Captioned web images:
+-------+

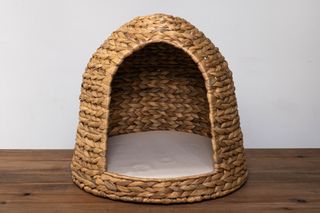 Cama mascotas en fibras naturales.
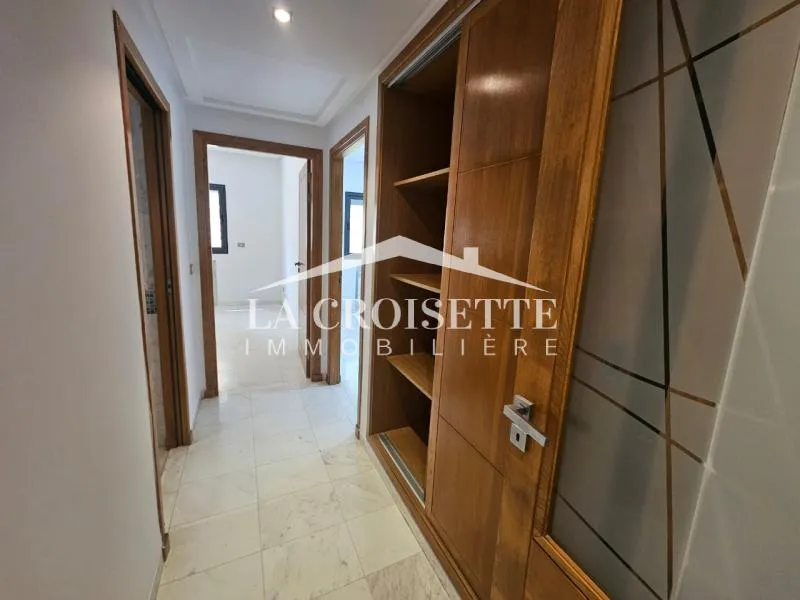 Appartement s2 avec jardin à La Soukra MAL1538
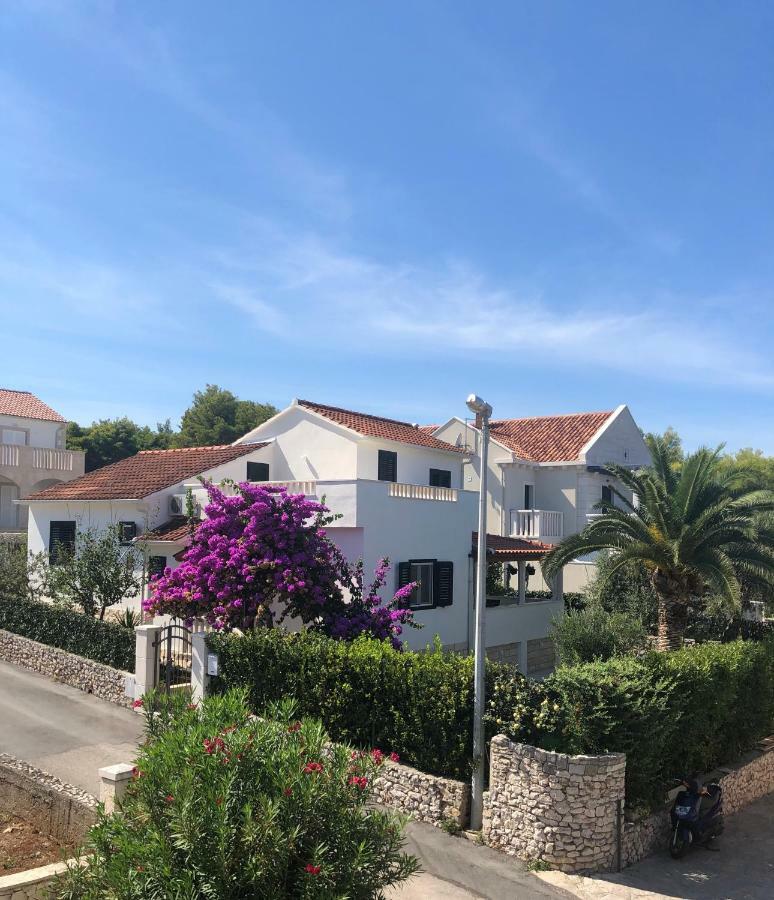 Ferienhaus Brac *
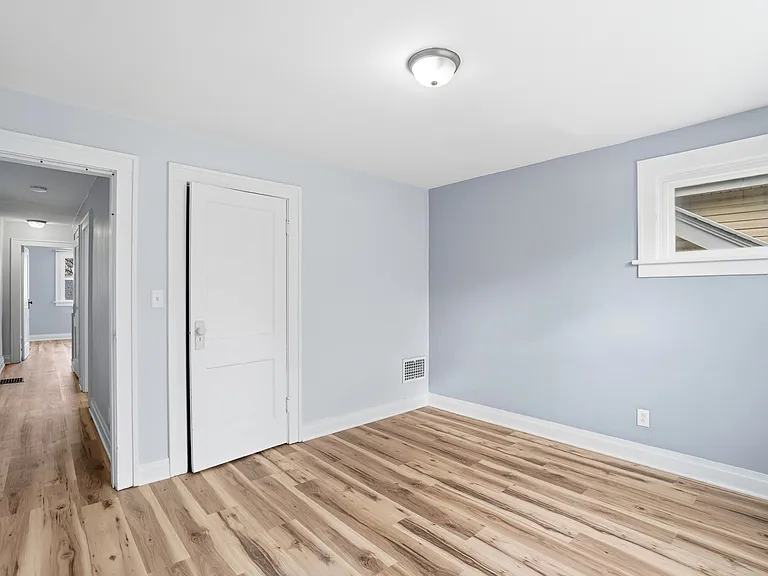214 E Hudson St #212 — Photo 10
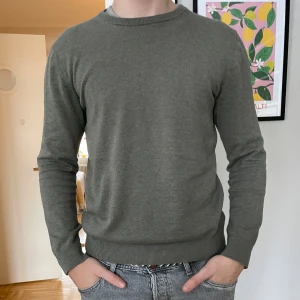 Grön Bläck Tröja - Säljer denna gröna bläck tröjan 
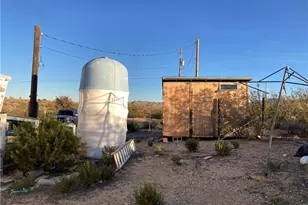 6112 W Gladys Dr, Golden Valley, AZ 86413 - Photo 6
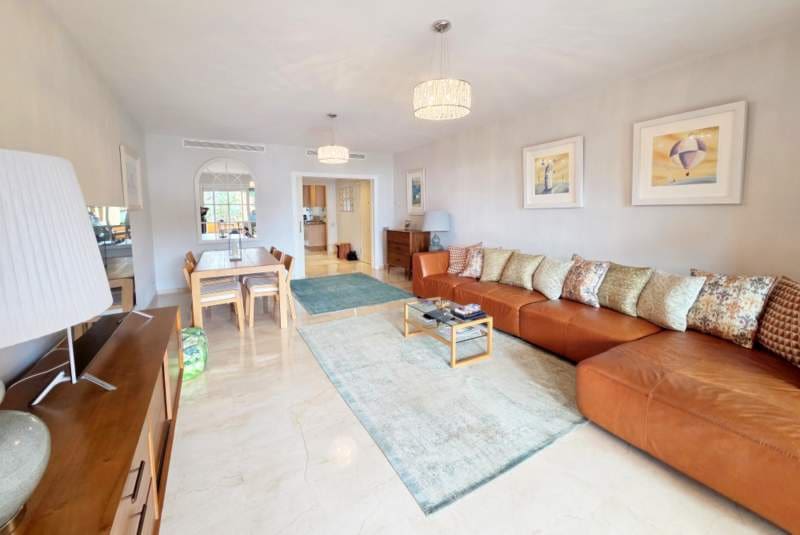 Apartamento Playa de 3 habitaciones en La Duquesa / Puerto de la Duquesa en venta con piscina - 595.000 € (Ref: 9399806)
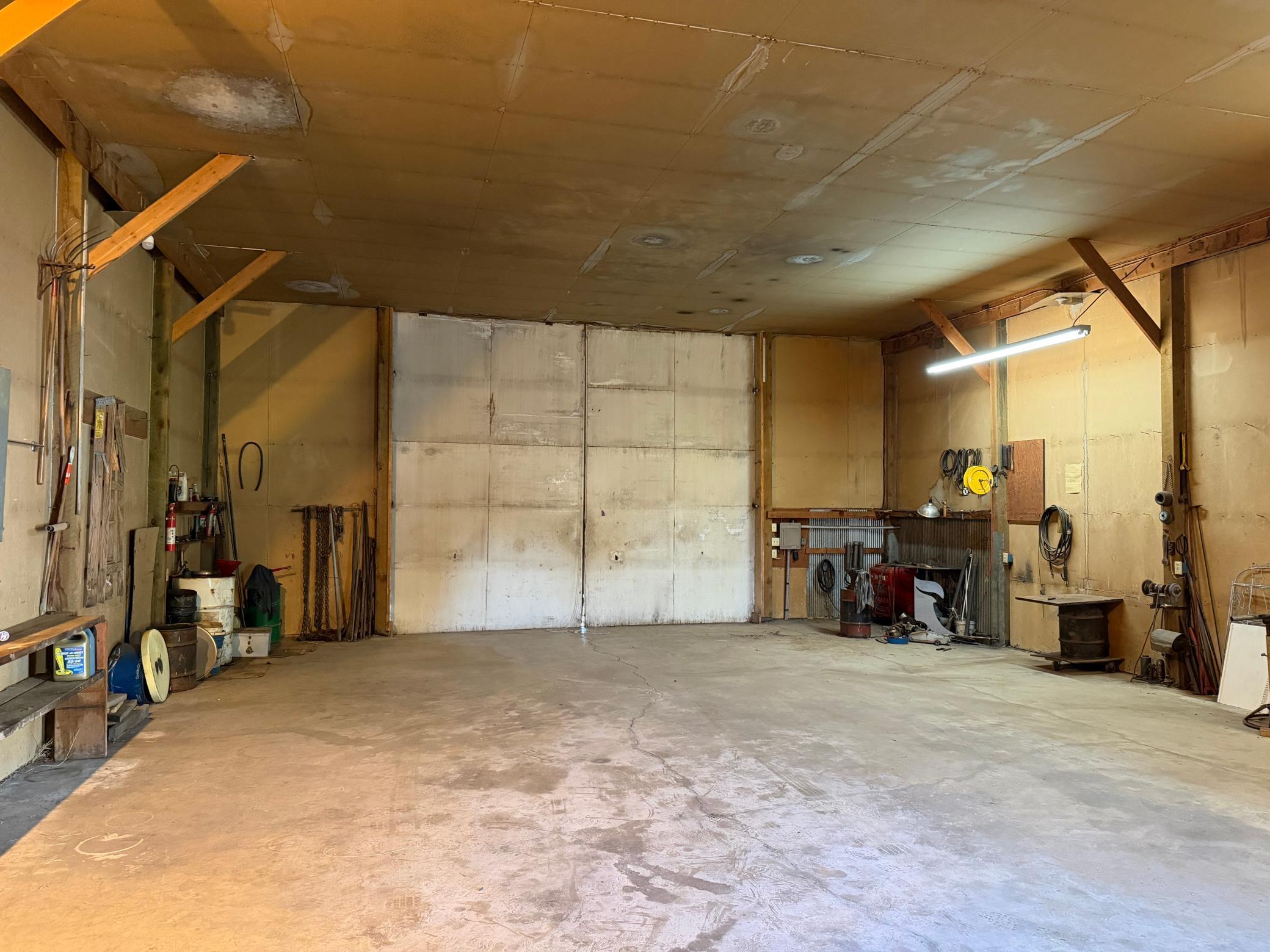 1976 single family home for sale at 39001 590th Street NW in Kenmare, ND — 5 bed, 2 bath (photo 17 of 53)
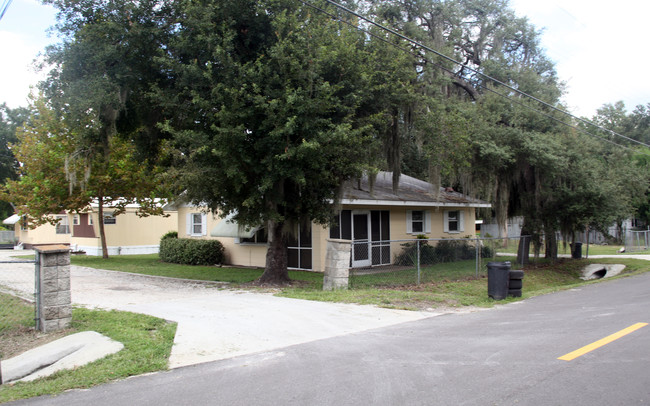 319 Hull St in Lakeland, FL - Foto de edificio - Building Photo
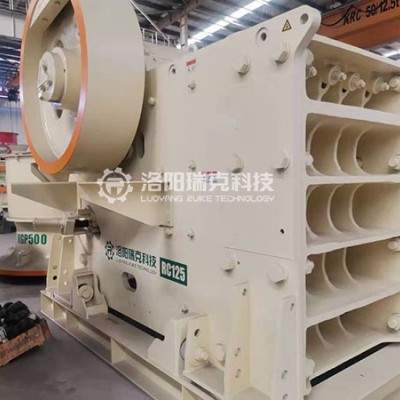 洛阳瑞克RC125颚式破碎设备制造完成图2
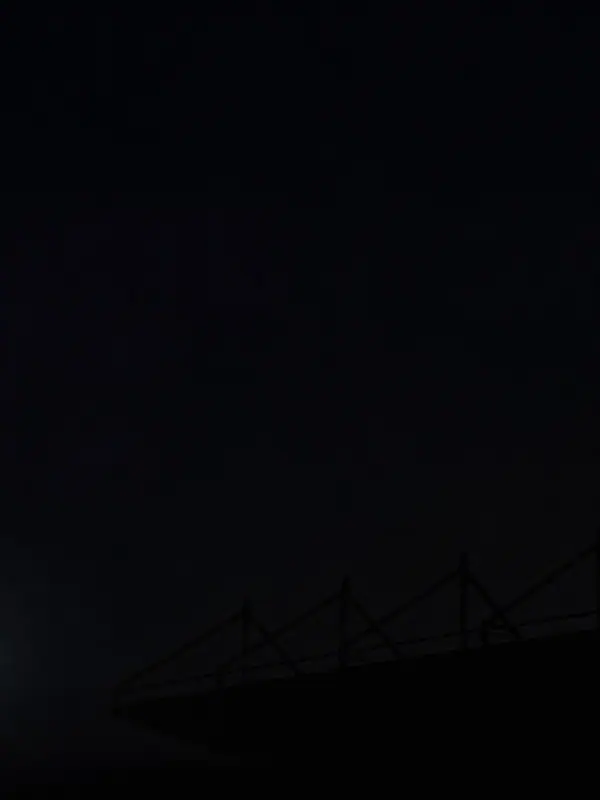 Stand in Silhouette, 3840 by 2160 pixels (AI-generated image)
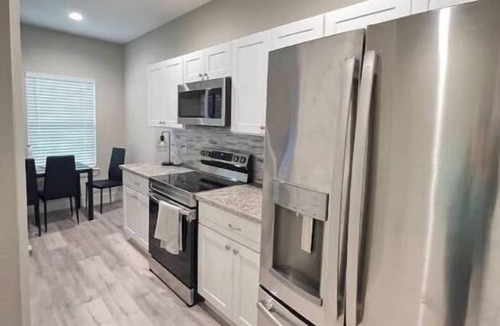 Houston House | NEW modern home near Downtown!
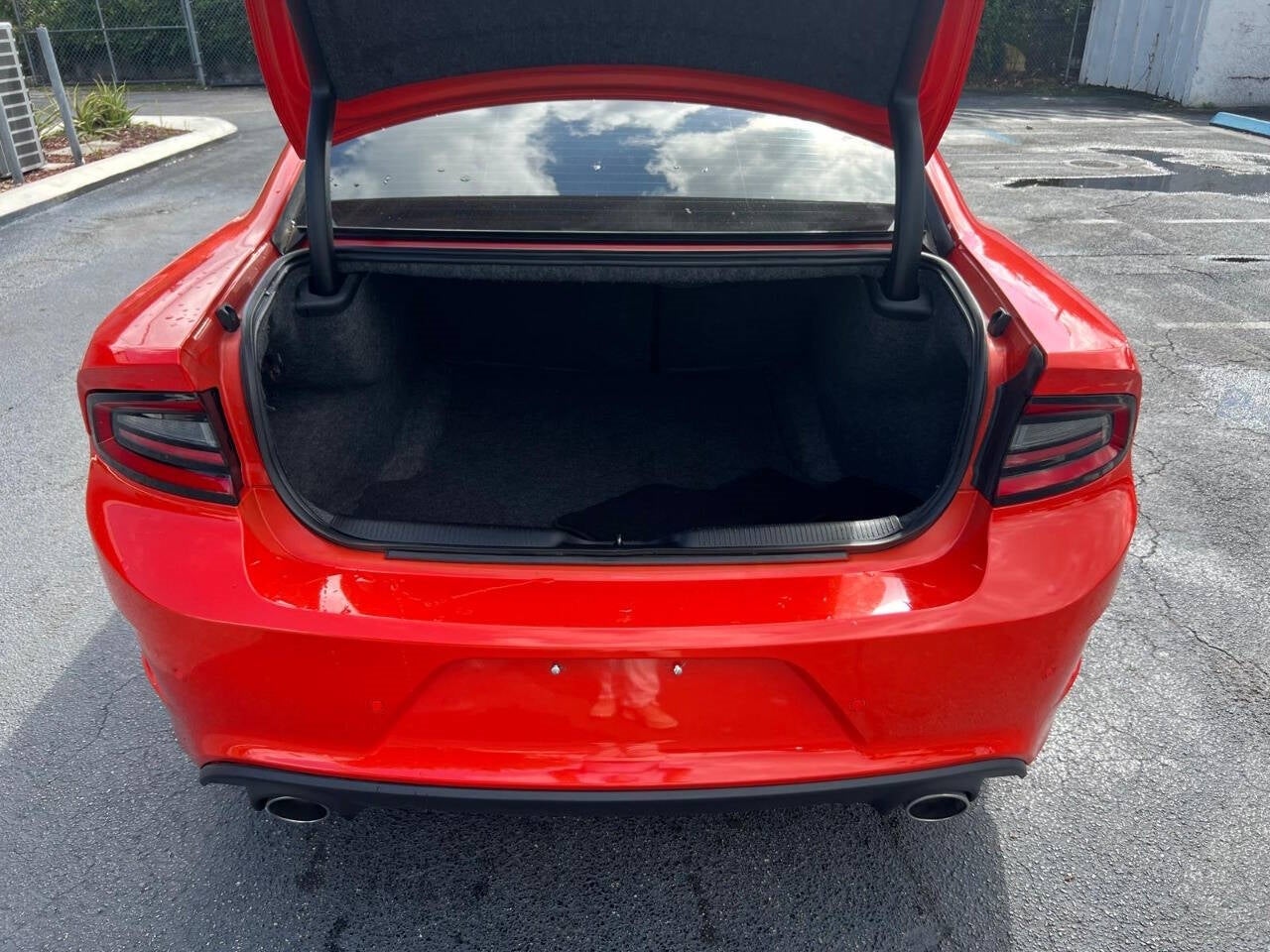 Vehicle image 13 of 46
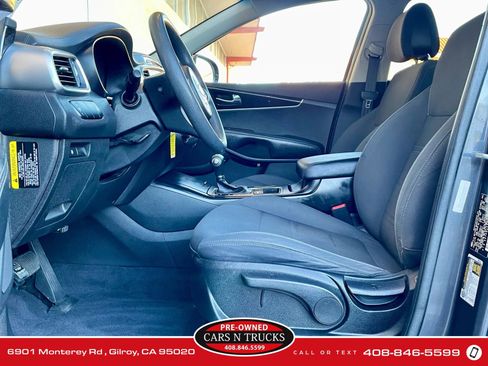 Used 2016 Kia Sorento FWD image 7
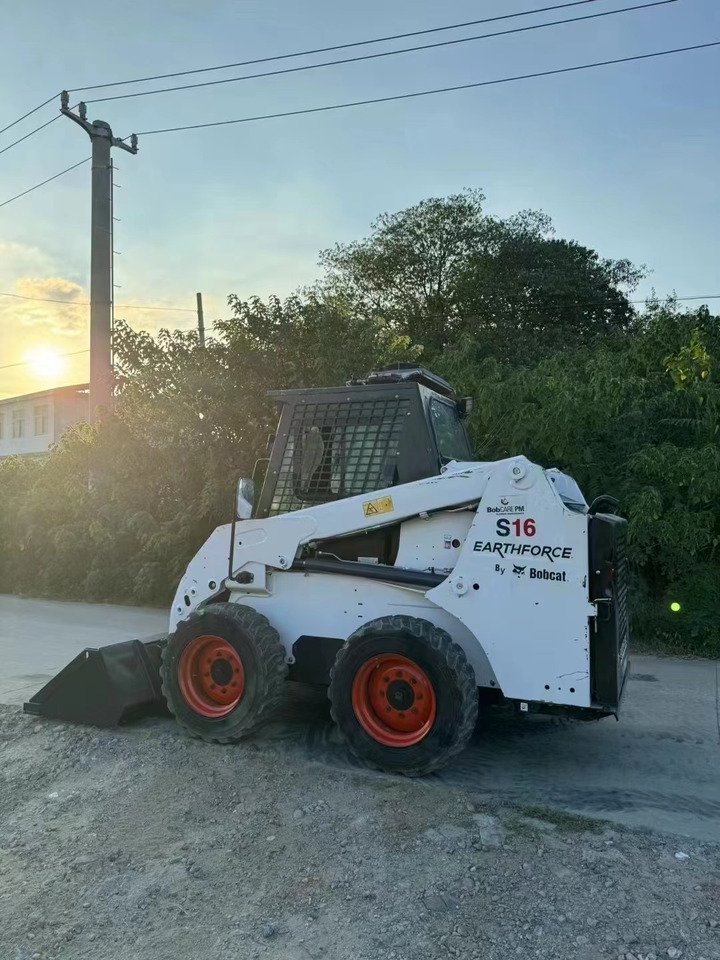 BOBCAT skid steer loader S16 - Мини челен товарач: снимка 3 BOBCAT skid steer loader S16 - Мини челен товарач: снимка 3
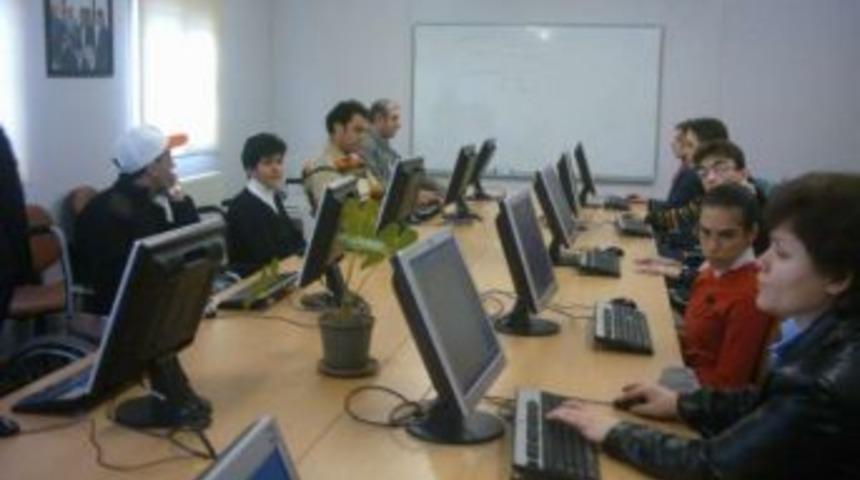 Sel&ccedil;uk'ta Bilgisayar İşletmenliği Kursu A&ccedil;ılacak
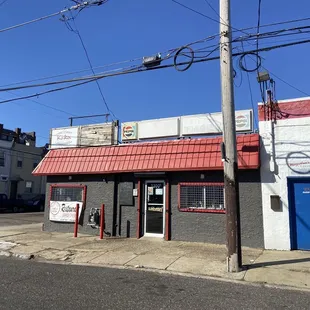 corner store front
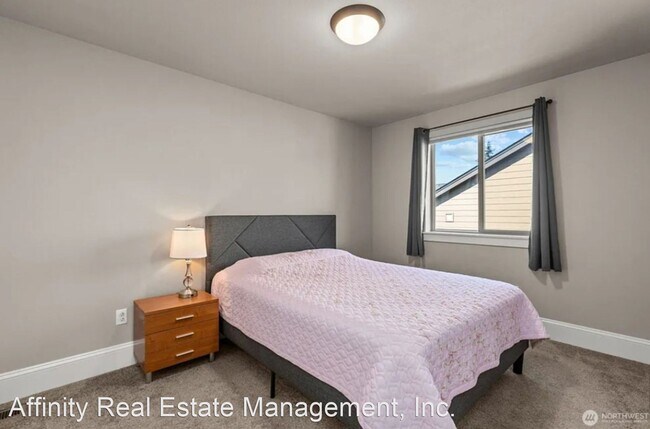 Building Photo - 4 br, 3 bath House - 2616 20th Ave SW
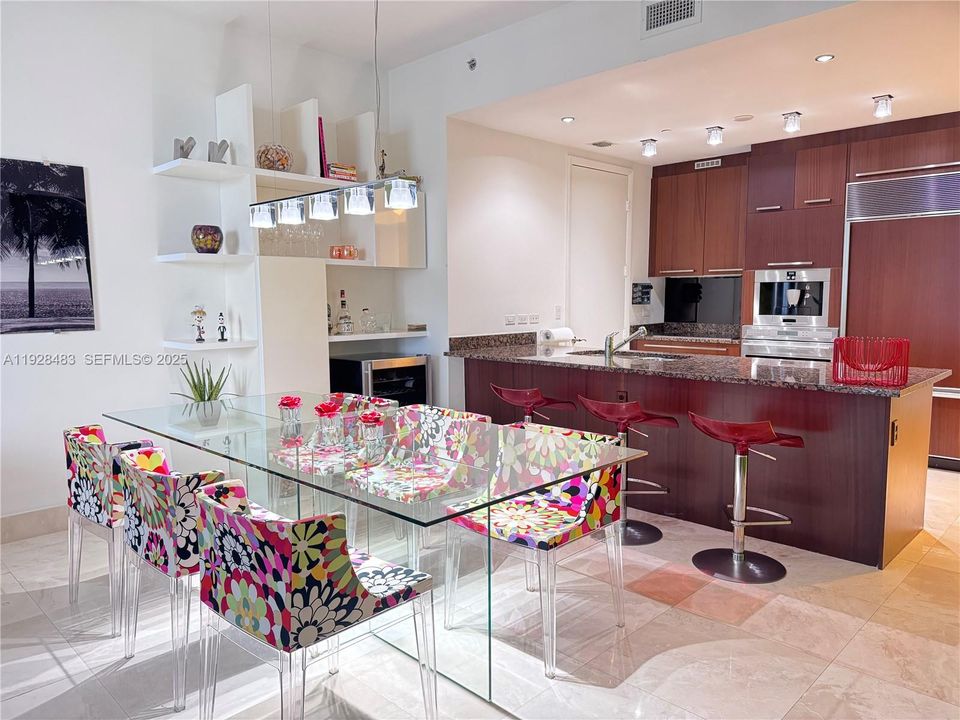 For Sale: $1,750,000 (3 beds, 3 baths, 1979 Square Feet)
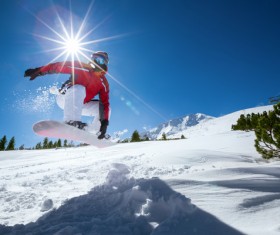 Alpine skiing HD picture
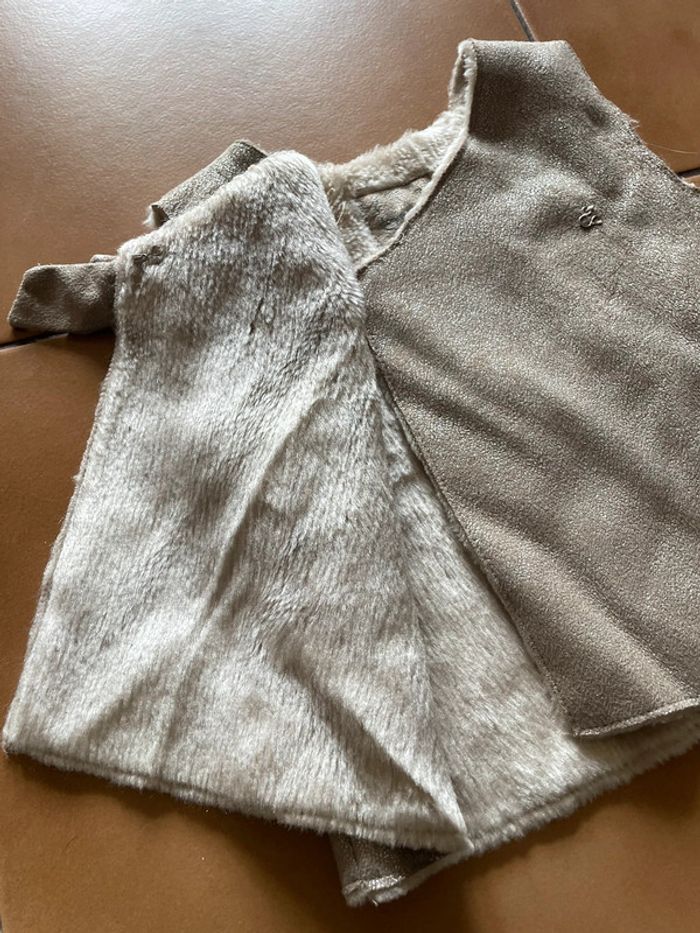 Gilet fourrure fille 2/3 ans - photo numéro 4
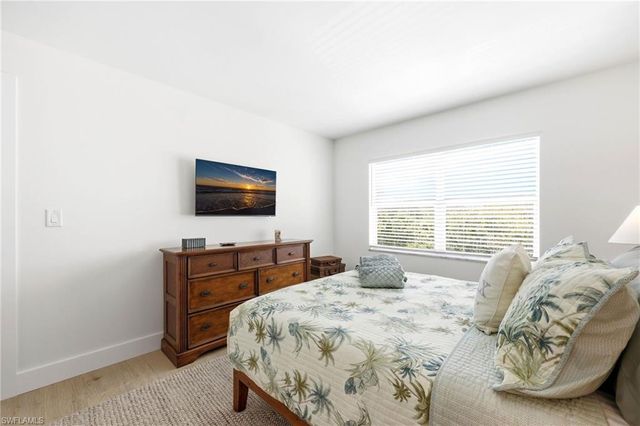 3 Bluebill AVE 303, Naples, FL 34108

+-------+

▶ _What you should do_
The reply must match the records exactly, apart from the pictures, which are left out.

▶ _Reply_
 Cama mascotas en fibras naturales.
 Appartement s2 avec jardin à La Soukra MAL1538
 Ferienhaus Brac *
214 E Hudson St #212 — Photo 10
 Grön Bläck Tröja - Säljer denna gröna bläck tröjan 
 6112 W Gladys Dr, Golden Valley, AZ 86413 - Photo 6
 Apartamento Playa de 3 habitaciones en La Duquesa / Puerto de la Duquesa en venta con piscina - 595.000 € (Ref: 9399806)
 1976 single family home for sale at 39001 590th Street NW in Kenmare, ND — 5 bed, 2 bath (photo 17 of 53)
 319 Hull St in Lakeland, FL - Foto de edificio - Building Photo
 洛阳瑞克RC125颚式破碎设备制造完成图2
 Stand in Silhouette, 3840 by 2160 pixels (AI-generated image)
 Houston House | NEW modern home near Downtown!
 Vehicle image 13 of 46
 Used 2016 Kia Sorento FWD image 7
 BOBCAT skid steer loader S16 - Мини челен товарач: снимка 3 BOBCAT skid steer loader S16 - Мини челен товарач: снимка 3
 Sel&ccedil;uk'ta Bilgisayar İşletmenliği Kursu A&ccedil;ılacak
 corner store front
 Building Photo - 4 br, 3 bath House - 2616 20th Ave SW
 For Sale: $1,750,000 (3 beds, 3 baths, 1979 Square Feet)
 Alpine skiing HD picture
 Gilet fourrure fille 2/3 ans - photo numéro 4
 3 Bluebill AVE 303, Naples, FL 34108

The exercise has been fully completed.